THE RECORDS:
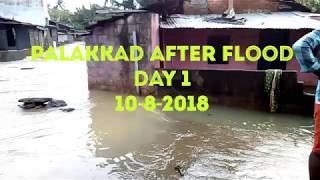 Palakkad after flood day 1. 10-8-2018 പാലക്കാട് വെള്ളപ്പൊക്കത്തിന് ശേഷം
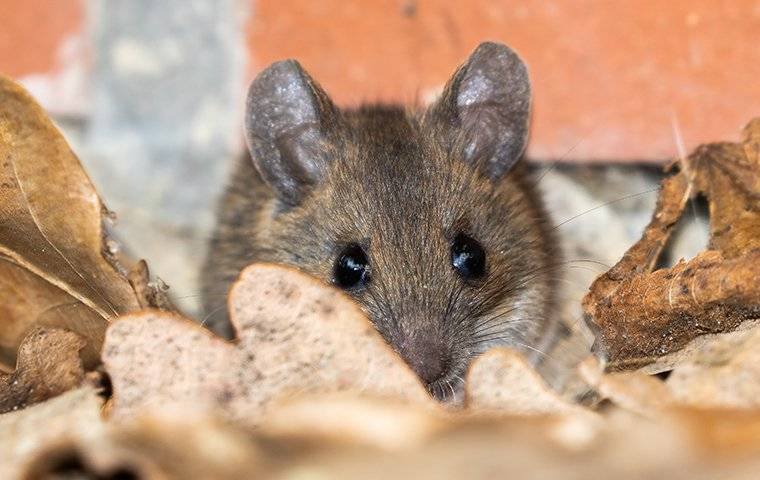 House Mouse Crawling In Leaves 2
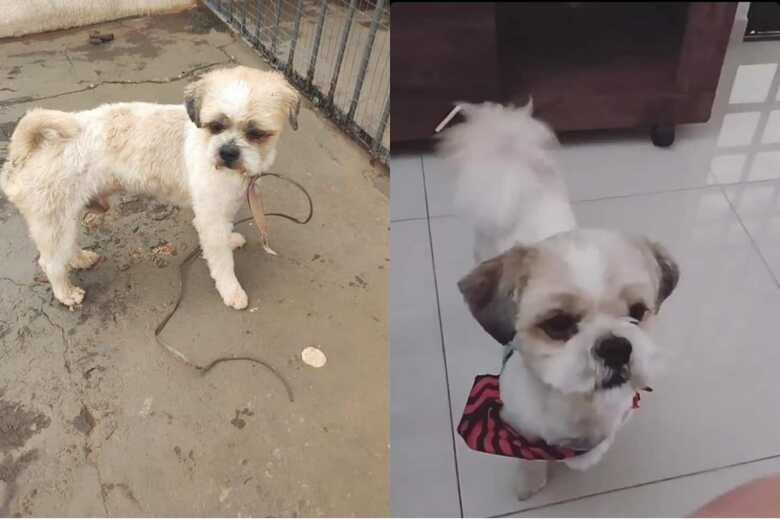 Tuco est&aacute; com uma gravata semelhante a da foto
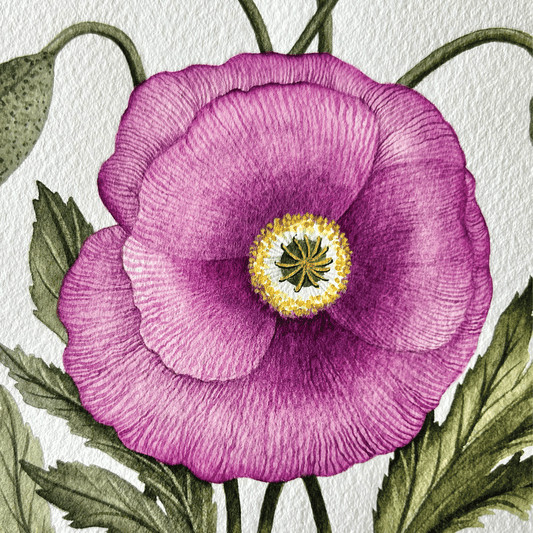 'Imperial Pink' Poppies - Unframed Original Painting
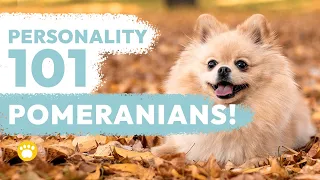 Pomeranian Personality 101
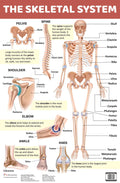 The Skeletal System : Charts - Om Books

BRIEF:
Each entry is to be transcribed verbatim, and any picture in it is to be skipped.

RESULT OF THIS EXERCISE:
 Palakkad after flood day 1. 10-8-2018 പാലക്കാട് വെള്ളപ്പൊക്കത്തിന് ശേഷം
 House Mouse Crawling In Leaves 2
 Tuco est&aacute; com uma gravata semelhante a da foto
 'Imperial Pink' Poppies - Unframed Original Painting
 Pomeranian Personality 101
 The Skeletal System : Charts - Om Books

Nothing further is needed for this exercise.